I missed yesterday's broadcast of the UK parliamentary committee
excoriating questioning senior private equity executives from KKR, Permira, 3i and Carlyle, but I did get a few second-hand reports today. For the detail, you can still watch it on the Parliament site here, PEHub provides a summary here, and the Financial Times gave it front page treatment today. For more hysterical coverage, turn to the Daily Mail here...
I'll come to my views on the controversy in a moment, but first: what is with this process?? Neither the parliamentarians nor the private equity bigwigs were properly briefed for this debate, leading to a tetchy stalemate that made both sides look bad. The MPs have a legitimate cause to investigate the industry, but surely owe it to their constituents (and their target) to be moderately informed about it.
But it was clear from their questions that most did not understand the basic structure of private equity funds or how they earn fees and share in the success of their investments. And it is surely sad that their questions became personal and appeared to be driven more by envy of the super-rich executives in their sights than by a desire to protect the public good:
Addressing KKR's [Domnic] Murphy, Labour lawmaker Angela Eagle suggested he paid less tax on his earnings than a maid would. "Don't you agree it's embarrassing?" she asked. "You're proud you're paying less tax than your cleaner!"
Is it too much to ask that senior politicians of the world's financial centre bone up on the private equity industry before an investigation like this? Moreover, the accusatory tone of this debate seems inappropriate, as the industry is simply applying the tax rules of the Treasury as they were intended?
As an industry, private equity has bad knack for perpetuating its opaqueness and making people envious and suspicious. The coverage of Blackstone's IPO and its lucrative outcome for the top executives there doesn't help. In yesterday's public hearing, the executives were prepared for an intellectual debate with informed questioners. But they did not have the right responses to a populist harangue, and they squandered the opportunity to elucidate the industry's structure and economic impact and to gain some public understanding, if not sympathy. (OK, maybe sympathy is a step too far.) Instead they came across as defensive and somewhat arrogant.

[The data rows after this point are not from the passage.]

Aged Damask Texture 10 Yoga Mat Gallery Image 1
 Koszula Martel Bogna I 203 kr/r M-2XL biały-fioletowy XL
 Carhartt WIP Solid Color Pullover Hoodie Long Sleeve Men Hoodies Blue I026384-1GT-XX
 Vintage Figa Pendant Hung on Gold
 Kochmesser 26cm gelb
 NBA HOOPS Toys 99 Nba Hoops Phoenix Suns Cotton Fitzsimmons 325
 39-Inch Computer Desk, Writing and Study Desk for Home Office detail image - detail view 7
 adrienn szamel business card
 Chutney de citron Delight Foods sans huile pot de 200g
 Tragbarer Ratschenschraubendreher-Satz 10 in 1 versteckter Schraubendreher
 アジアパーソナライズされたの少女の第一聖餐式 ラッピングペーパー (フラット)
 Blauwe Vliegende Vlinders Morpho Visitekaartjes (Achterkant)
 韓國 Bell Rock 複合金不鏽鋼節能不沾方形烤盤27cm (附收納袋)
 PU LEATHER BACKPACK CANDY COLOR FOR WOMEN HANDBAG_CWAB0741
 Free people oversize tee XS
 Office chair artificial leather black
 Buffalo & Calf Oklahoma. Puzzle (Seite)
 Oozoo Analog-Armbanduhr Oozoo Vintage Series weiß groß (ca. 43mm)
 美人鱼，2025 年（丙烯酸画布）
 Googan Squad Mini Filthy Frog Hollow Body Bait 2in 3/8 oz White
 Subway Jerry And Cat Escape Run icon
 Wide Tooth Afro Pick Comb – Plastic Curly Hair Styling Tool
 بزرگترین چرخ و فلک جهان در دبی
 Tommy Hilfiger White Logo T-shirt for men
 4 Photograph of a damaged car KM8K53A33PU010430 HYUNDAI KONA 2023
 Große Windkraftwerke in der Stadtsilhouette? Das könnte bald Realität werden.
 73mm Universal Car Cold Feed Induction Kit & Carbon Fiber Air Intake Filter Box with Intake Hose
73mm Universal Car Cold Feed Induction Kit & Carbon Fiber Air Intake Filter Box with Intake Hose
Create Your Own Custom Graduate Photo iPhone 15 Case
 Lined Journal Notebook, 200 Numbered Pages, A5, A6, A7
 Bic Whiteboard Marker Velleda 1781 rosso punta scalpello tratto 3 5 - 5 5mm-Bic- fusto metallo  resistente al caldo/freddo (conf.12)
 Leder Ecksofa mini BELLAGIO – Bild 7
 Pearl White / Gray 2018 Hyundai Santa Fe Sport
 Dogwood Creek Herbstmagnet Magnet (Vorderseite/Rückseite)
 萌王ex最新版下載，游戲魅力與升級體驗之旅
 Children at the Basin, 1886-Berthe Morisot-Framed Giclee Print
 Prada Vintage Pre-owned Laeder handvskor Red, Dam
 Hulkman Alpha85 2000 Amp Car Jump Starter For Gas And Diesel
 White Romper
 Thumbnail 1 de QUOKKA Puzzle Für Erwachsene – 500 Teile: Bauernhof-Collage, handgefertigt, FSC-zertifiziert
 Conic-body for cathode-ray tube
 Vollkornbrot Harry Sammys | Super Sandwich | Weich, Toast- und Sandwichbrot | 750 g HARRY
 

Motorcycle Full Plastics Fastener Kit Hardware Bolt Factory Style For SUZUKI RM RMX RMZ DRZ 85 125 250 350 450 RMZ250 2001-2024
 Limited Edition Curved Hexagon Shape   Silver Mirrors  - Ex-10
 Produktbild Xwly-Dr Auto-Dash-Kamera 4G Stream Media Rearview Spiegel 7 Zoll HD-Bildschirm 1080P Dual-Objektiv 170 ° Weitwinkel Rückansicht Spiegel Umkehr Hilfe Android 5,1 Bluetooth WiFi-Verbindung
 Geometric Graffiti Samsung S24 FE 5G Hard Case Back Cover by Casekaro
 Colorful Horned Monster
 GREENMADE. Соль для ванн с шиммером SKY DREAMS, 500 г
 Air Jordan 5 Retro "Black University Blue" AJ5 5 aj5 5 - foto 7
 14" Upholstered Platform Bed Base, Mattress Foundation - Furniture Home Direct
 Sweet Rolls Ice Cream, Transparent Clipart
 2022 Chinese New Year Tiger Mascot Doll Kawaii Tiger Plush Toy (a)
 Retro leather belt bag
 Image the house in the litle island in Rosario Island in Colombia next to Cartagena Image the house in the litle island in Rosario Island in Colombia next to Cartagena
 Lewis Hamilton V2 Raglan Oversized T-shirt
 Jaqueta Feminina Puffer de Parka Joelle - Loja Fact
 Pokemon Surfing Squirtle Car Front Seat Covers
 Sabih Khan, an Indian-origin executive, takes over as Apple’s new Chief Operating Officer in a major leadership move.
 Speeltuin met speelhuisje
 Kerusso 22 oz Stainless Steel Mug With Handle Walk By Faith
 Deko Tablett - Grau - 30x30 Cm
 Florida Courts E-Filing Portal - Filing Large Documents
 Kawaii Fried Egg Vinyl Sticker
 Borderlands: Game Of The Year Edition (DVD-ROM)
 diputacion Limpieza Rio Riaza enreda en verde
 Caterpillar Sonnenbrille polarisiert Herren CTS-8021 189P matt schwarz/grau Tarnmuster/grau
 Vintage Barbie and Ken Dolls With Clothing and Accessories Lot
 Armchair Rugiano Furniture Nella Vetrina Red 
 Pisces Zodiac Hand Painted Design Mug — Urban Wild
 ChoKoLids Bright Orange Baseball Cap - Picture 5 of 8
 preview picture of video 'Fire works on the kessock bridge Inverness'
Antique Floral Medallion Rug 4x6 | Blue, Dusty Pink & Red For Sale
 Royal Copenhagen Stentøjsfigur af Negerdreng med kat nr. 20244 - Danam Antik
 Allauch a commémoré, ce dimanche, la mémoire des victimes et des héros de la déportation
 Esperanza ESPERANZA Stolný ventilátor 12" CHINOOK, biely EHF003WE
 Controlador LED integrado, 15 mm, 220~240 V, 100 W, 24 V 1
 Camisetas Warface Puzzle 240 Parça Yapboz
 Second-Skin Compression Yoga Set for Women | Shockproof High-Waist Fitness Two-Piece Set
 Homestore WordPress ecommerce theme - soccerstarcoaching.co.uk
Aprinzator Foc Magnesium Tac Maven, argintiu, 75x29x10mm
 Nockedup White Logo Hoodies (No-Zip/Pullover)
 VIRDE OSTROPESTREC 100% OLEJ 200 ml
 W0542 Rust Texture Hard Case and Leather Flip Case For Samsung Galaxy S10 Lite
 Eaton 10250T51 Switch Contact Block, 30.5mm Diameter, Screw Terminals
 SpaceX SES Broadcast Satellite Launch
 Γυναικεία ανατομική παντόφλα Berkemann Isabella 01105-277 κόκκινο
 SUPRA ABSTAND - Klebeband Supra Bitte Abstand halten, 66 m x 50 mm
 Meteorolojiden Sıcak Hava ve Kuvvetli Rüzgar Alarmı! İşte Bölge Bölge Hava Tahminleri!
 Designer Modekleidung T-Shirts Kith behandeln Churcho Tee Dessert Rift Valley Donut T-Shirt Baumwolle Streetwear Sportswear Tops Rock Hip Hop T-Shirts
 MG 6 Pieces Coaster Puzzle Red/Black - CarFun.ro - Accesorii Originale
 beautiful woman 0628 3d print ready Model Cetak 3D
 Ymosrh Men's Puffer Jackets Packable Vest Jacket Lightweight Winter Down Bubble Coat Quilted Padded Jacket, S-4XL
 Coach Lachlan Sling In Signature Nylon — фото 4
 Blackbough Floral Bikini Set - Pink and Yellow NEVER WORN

So what about the issue then?
I think it is inevitable that both the US (see NYT coverage here) and UK governments will review once again whether to treat the profits generated by private equity partnerships ('carried interest') as capital gains or income for tax purposes. The difference between the two is significant (40% vs 10% in the UK, about 35% vs 15% in the US).
To my mind, carried interest is clearly not income. There is no guarantee it will materialise. Getting any carried interest requires taking a risk, working an investment for years and often waiting a long, long time for the investment to bear fruit. The carried interest structure drives the long-term perspective (and commitment) of investment managers, and makes possible long-term investments in a given economy. The capital gains tax regime was specifically designed to promote long-term investments and as such it should apply also to private equity.
However, it is also true that carried interest is not like investing in equities. There is only upside for investment managers and no downside risk, eg no money to lose. As such it is less risky than buying shares and probably ought not to be given the same tax treatment. But investment managers are exposed to their funds in two ways: through direct investments (the 'GP commitment', typically 1% of fund size) and the carried interest. Profits on the GP commitment should be treated as capital gains, which is precisely what they are. The carried interest should be treated as variable income which may or may not materialise. In that sense it is like a bonus, but with a much longer gestation cycle and more years of 'sweat equity' behnid it. To be fair, it should be taxed at a lower rate than regular income but at a higher rate than pure capital gains.